Each entry that follows should be given again word for word; please leave out its pictures.

_MATERIAL FOR THE TASK_:
+++

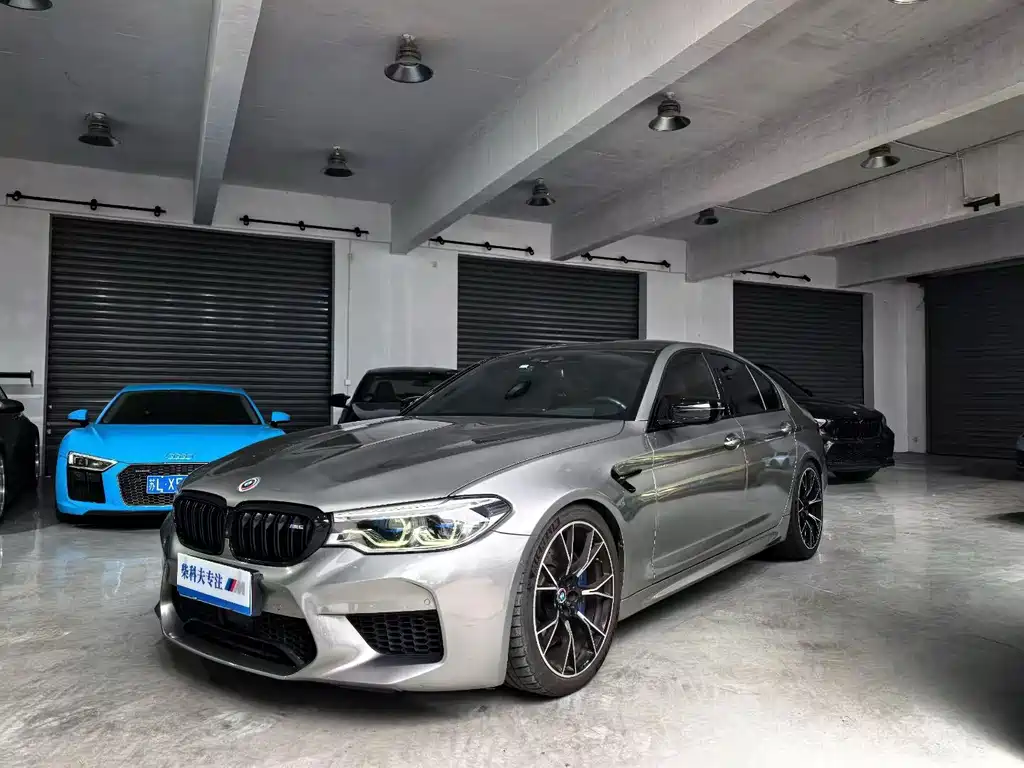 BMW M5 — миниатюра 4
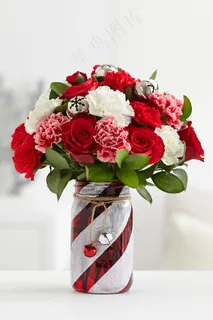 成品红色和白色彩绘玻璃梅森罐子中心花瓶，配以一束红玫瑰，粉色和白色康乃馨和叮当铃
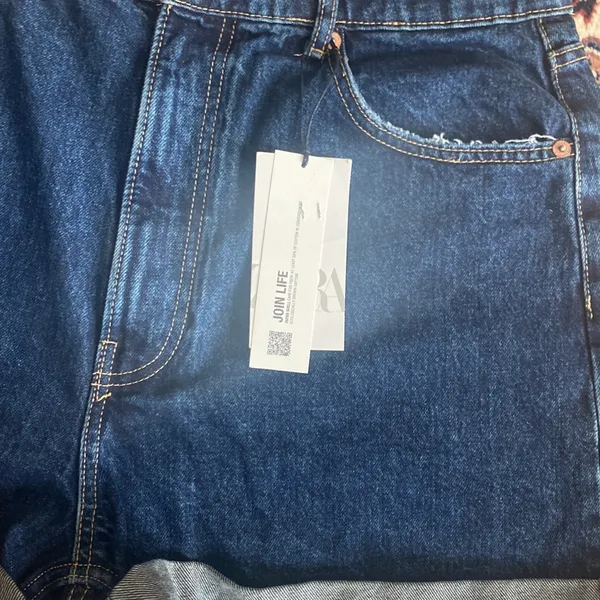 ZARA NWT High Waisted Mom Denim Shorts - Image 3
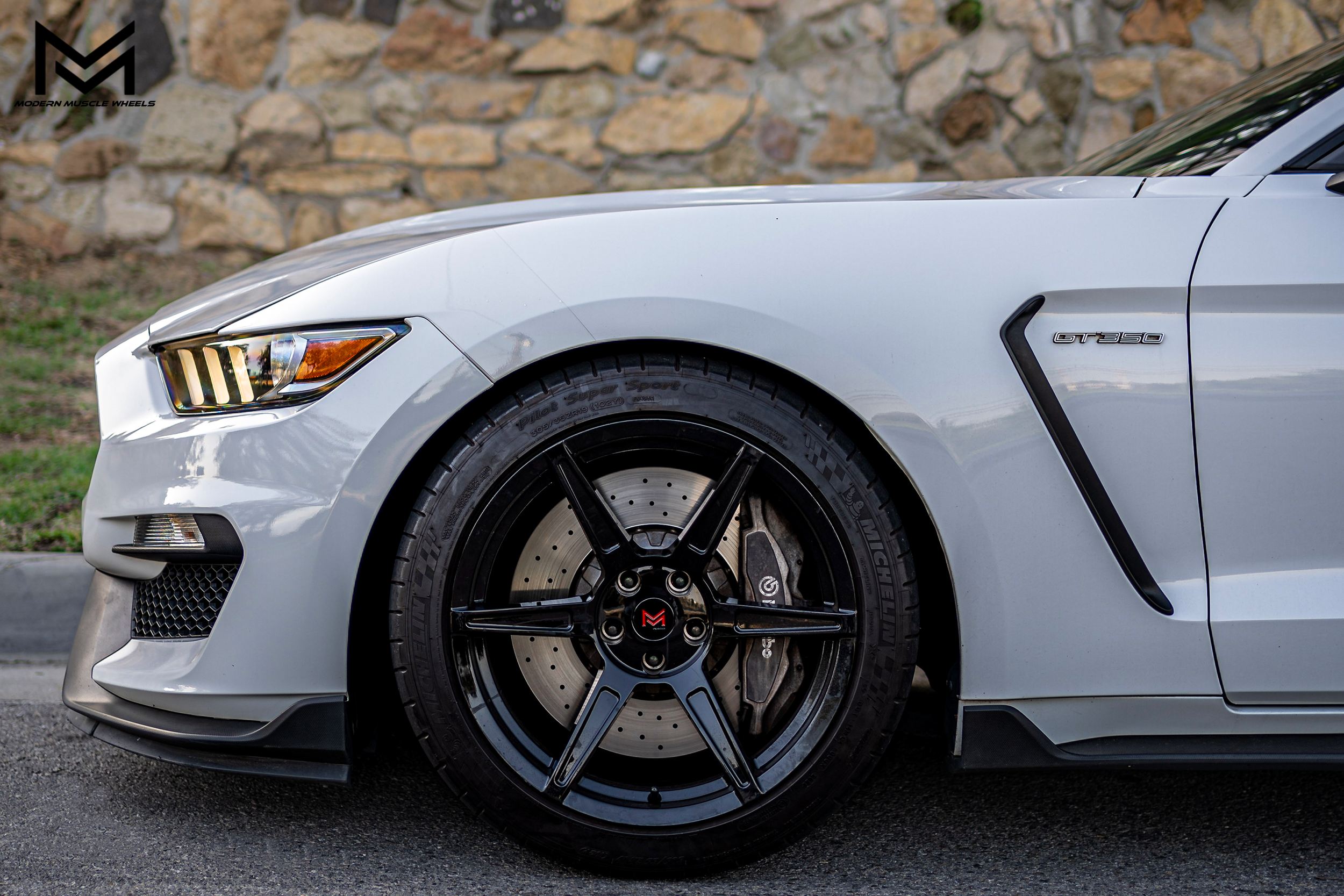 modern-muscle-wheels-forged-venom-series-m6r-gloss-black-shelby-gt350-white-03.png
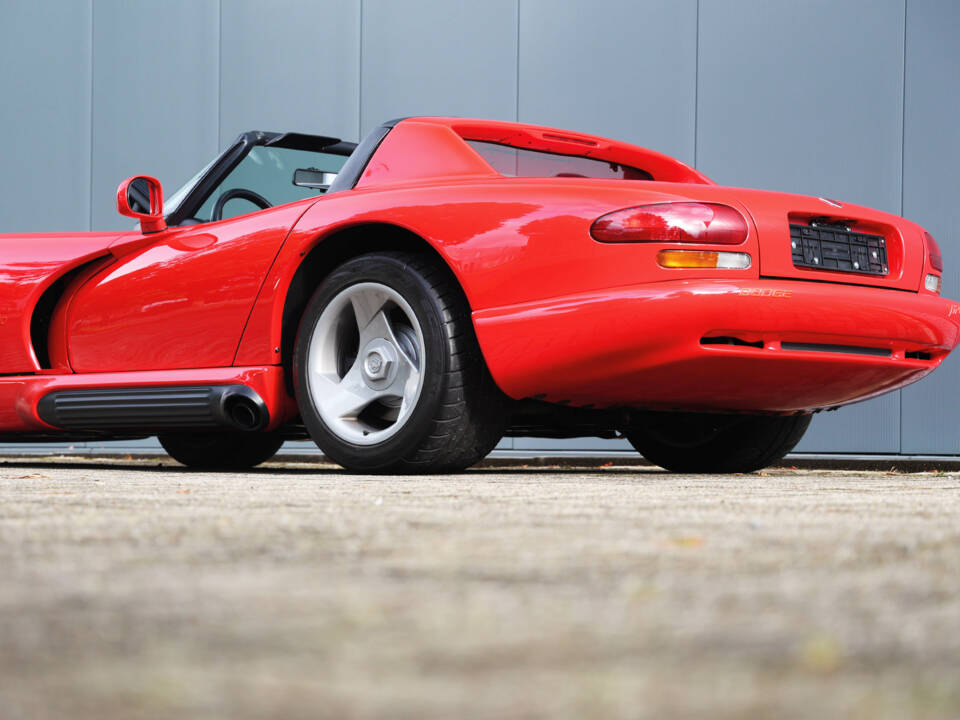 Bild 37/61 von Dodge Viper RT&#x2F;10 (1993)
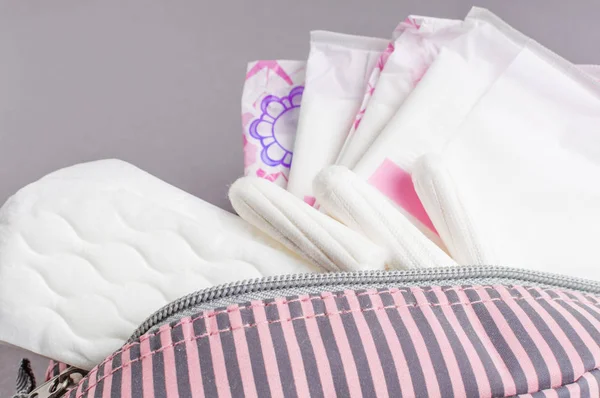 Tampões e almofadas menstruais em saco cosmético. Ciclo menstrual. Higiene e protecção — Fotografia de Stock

+++

_SOLUTION TO THE PROBLEM_:
 BMW M5 — миниатюра 4
 成品红色和白色彩绘玻璃梅森罐子中心花瓶，配以一束红玫瑰，粉色和白色康乃馨和叮当铃
 ZARA NWT High Waisted Mom Denim Shorts - Image 3
 modern-muscle-wheels-forged-venom-series-m6r-gloss-black-shelby-gt350-white-03.png
 Bild 37/61 von Dodge Viper RT&#x2F;10 (1993)
 Tampões e almofadas menstruais em saco cosmético. Ciclo menstrual. Higiene e protecção — Fotografia de Stock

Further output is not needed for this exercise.